Guide dogs act as the eyes for humans who cannot see and give them the ability to get out and live a life less defined by their disability. Like most guide-dog associations, Guide Dogs of America uses just three dog breeds.
The Labrador Retriever is the top breed for use as a guide dog. Up to 70 percent of the dogs trained and supplied by Guide Dogs of America are Labradors. The breed has the ideal temperament, being friendly, even tempered and gentle by nature. High intelligence means that the dog is easy to train and learns quickly. This, coupled with an eagerness to please, makes the dog a good worker. The breed is also rarely aggressive, which is a vital trait.
The Golden Retriever is also a commonly used breed, but much less so than the Labrador. Around 15 percent of the dogs produced by Guide Dogs of America are Goldens. Just like the Labrador, Goldens are even tempered, friendly and have a trustworthy nature. They are also intelligent, so the training aspect is easy. It is a confident, energetic breed that does not become startled and stays alert. These traits are important while leading those who cannot see.

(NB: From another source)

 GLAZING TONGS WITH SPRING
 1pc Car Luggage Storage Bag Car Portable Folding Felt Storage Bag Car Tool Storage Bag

The German Shepherd is equal to the Golden in popularity as a guide dog breed. Around 15 percent of Guide Dogs of America's animals are Shepherds. It is an alert, intelligent breed which also possesses a courageous nature. It is vital that dogs do not become startled by car horns or huge crowds. so the Shepherd's nature makes it a suitable choice. It is an even tempered breed, like both guide-dog Retrievers are, but may be more inclined toward aggression. Like all guide-dog breeds it has intense focus which is vital, as distracted dogs put their owners at risk.
Creating a Guide Dog
The dogs used by guide-dog associations are generally bred by the association itself. In doing this, greater control is possible to produce animals with the best temperaments. At eight weeks of age the puppies are given to foster families who give the dogs their formative training and socializing. At 18 months puppies are assessed to go onto the main training stage. Training takes four to six months and those dogs that graduate go into the program and are matched to a blind recipient. Trainers match dogs with recipients based on character, size, walking speed and several other factors to create an ideal pairing.